Releyéndome he visto, sin embargo, una característica que me ignoraba: soy un aguafiestas. Me he metido con las celebraciones de bodas, con los disfraces de carnaval, con los fines de semana, con el síndrome vacacional, con las noches de feria, con las fiestas sorpresas y con todo jaleo que se me ha puesto a tiro. He defendido los días laborables, los madrugones y las tardes tranquilas.
Nadie me ha hecho caso. La gente sigue esperando que llegue san viernes con una devoción digna de mejores causas. Pero, aunque sea ante mí mismo, voy a justificarme. Arremeto contra los molinos de viento de los jolgorios gigantescos y giratorios porque soy un firme partidario de la felicidad. Las fiestas son a menudo una fuente de frustración. El fin de semana dura como máximo dos días frente a los cinco de la semana; las vacaciones sólo un mes y el resto del año, once; la boda, una noche, y el matrimonio, todas las demás. Si no aprendemos a disfrutar también de lo cotidiano, si marchamos al paso de la oca de fiesta en feria y a ver la próxima cuándo toca, acabáremos resacosos y malhumorados.
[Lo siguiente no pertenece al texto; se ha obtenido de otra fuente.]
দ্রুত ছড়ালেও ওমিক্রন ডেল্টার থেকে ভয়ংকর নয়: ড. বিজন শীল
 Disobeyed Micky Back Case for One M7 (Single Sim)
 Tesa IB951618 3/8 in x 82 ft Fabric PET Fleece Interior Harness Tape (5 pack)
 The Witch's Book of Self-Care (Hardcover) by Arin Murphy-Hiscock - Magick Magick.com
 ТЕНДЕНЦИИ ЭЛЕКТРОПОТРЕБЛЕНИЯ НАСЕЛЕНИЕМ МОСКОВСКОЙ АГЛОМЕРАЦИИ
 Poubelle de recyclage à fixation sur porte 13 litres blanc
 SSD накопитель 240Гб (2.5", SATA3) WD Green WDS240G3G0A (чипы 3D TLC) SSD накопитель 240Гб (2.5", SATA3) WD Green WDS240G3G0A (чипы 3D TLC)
Las fiestas, por mucho que las multipliquemos, serán siempre pocas en contraste con el taco del calendario. Renegando de la rutina y aburriéndonos de lo normal, vamos a contra tiempo. Nadie más a favor que yo del vino, que es sagrado, y, con su grano de ironía, de las fiestas, pero lo corriente es el agua, que es bendita. Más claro lo dijo Henry David Thoreau: "Quiero vivir siempre de manera que mi gozo y mi inspiración surjan de los acontecimientos más comunes, fenómenos cotidianos, para que pueda inspirarme con lo que a cada hora perciben mis sentidos, mi caminata diaria, la conversación con mis vecinos […] Si un hombre adquiere el gusto del vino y del brandy al precio de perder su amor por el agua, ¿no deberíamos compadecerle?" Como principio, Píndaro lo sostuvo en el primer verso de su primera Olímpica: "El agua es lo mejor de todo". O sea, que sí: soy un aguafiestas, pero porque el agua es -tiene que ser- una fiesta.